§ **Available data**
[Start of Attachment]
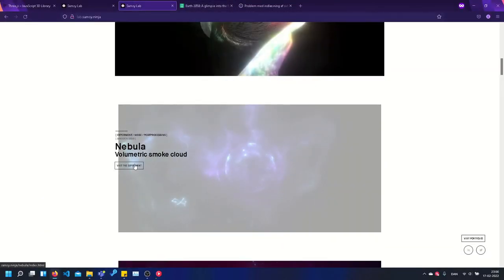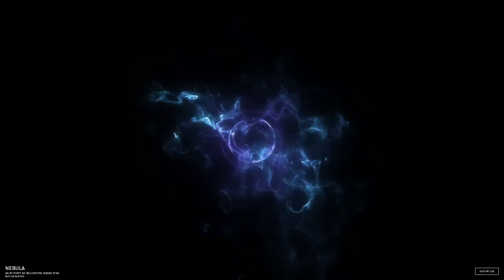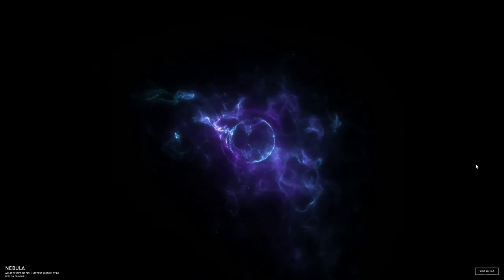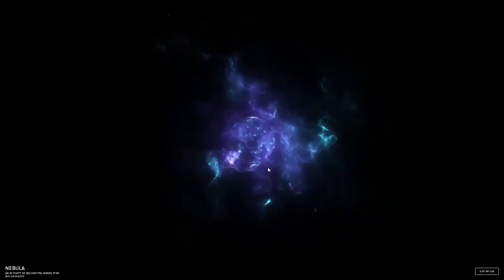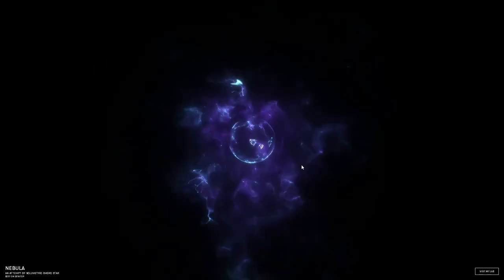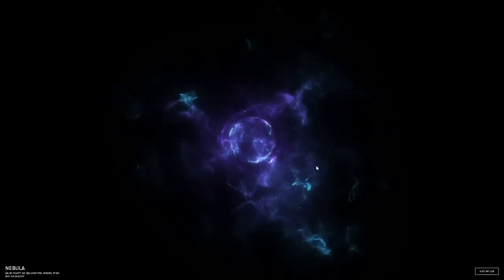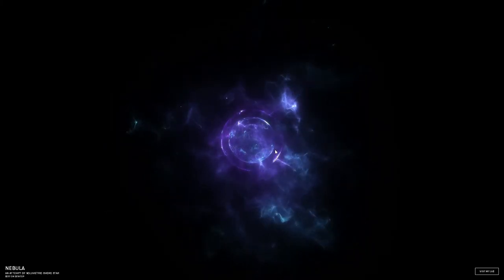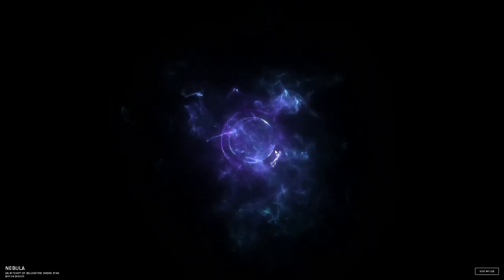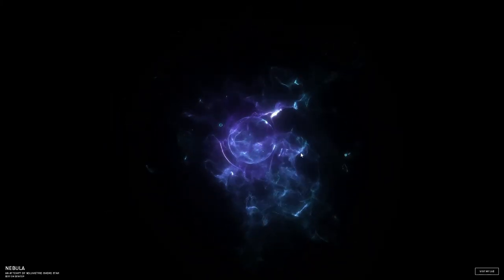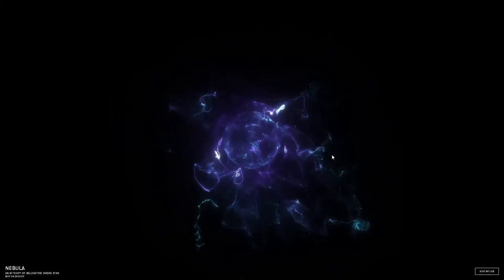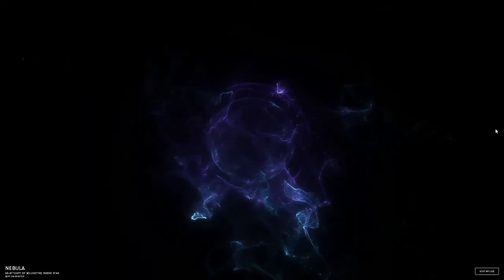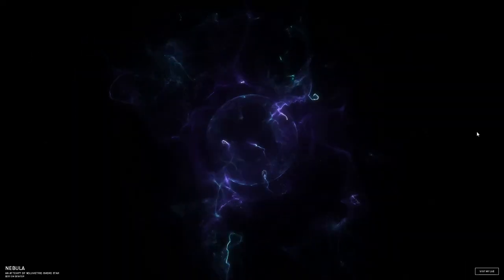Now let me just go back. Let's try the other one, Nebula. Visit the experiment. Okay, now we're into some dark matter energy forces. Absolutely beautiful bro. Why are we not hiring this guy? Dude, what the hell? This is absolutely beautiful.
[End of Attachment]
[Start of Attachment]
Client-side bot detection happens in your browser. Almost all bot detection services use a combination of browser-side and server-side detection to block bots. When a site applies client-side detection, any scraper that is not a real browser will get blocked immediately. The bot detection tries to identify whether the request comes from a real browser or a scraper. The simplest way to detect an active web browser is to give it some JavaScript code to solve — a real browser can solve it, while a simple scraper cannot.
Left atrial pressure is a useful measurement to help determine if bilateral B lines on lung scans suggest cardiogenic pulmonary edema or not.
[End of Attachment]
[Start of Attachment]
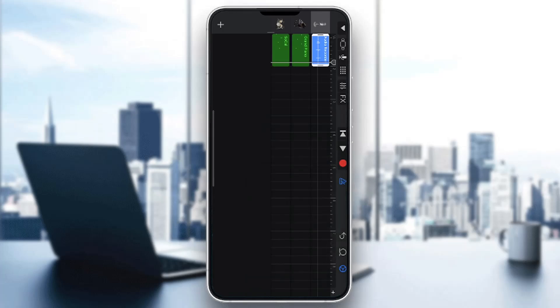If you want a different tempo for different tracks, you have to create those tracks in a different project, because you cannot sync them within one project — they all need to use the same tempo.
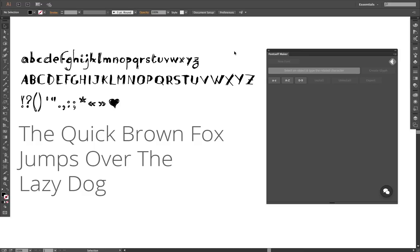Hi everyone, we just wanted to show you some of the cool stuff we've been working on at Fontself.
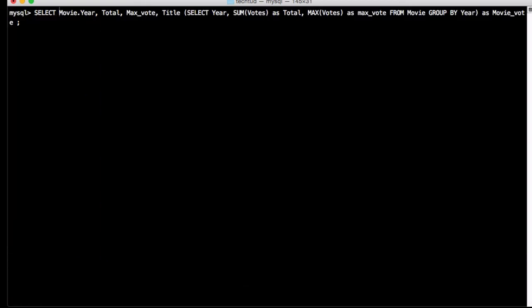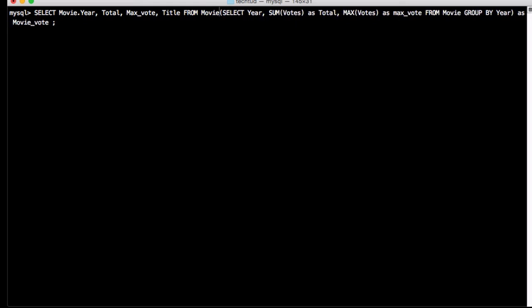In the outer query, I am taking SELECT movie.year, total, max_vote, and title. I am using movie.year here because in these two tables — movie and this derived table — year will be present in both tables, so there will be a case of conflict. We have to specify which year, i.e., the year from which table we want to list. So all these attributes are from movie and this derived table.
[End of Attachment]
§ **Your task**
Working from the entries above, please transcribe only the lines from the line with "Hi everyone, we" through the line with "In the outer", exactly, with both end lines and without pictures.

§ **Result of the exercise**
Hi everyone, we just wanted to show you some of the cool stuff we've been working on at Fontself.
In the outer query, I am taking SELECT movie.year, total, max_vote, and title. I am using movie.year here because in these two tables — movie and this derived table — year will be present in both tables, so there will be a case of conflict. We have to specify which year, i.e., the year from which table we want to list. So all these attributes are from movie and this derived table.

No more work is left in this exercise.